I tweeted my last post to Laura Miller at Salon.com.
Her reply, “@JulietWaters Good point, but so far they’ve had difficulty w/this because they lack physical stores: http://bit.ly/Yabi7d.”
Follow the shortlink and you’ll find Miller’s March article on Amazon’s problem convincing writers that they might want to give up print books, and bookstores that they might want to carry books published by Amazon.
This problem came to something of a head last March when Amazon published To Good To Be True, by Benjamin Anastas. Bookstores refused to carry the print edition of this memoir by a once successful mid list writer who could no longer support himself and his young son.
But bookstores seem to have been mostly posturing. Three months later you can buy the book at Barnes & Noble. It’s listed as “Out of Stock” at their stores, but there are four copies of it at the Strand in NYC.
Miller is right. Writers want to see their books in print. But writers also want to feed their families. And maybe the first battles in this war are not going to be over bestselling writers. It’s not going to take a ton of investment by Amazon to pick up a few talented, but not as successful as they once were, mid list writers. If bookstores refuse to carry them, is the tide of public opinion really going to stay on the side of bookstores, or the major publishers, and side against writers trying to make a living?
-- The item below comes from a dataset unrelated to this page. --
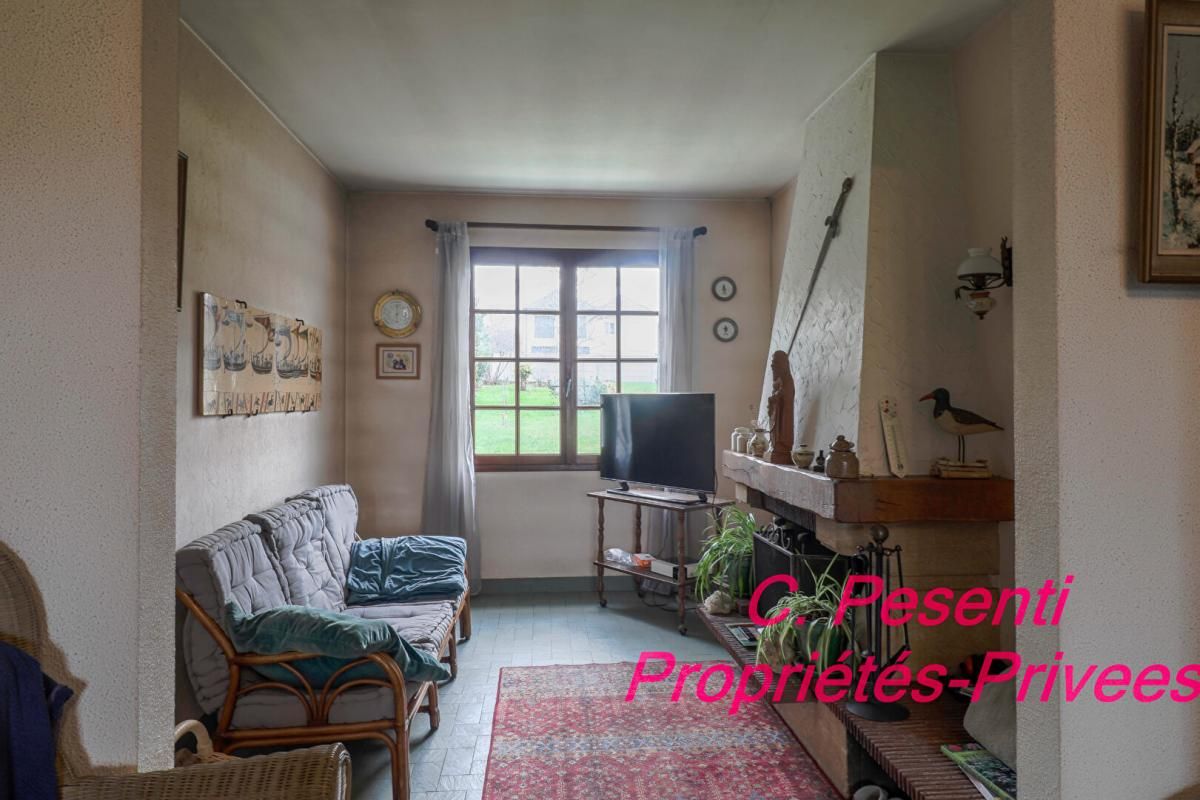 SAINT-THIBAULT-DES-VIGNES Maison St Thibault Des Vignes 6 pièce(s) 100 m2 4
In a better world, this war that would be fought on content. Editors would set the size of advances, not marketing departments, and publishers would then be setting cultural standards that Amazon would have to fight to maintain. Talented writers would sign with the publisher that would help them write a better book.
But that would be world driven by cultural forces, not market forces.
So predictions of Amazon’s failure on this front are still very, very premature.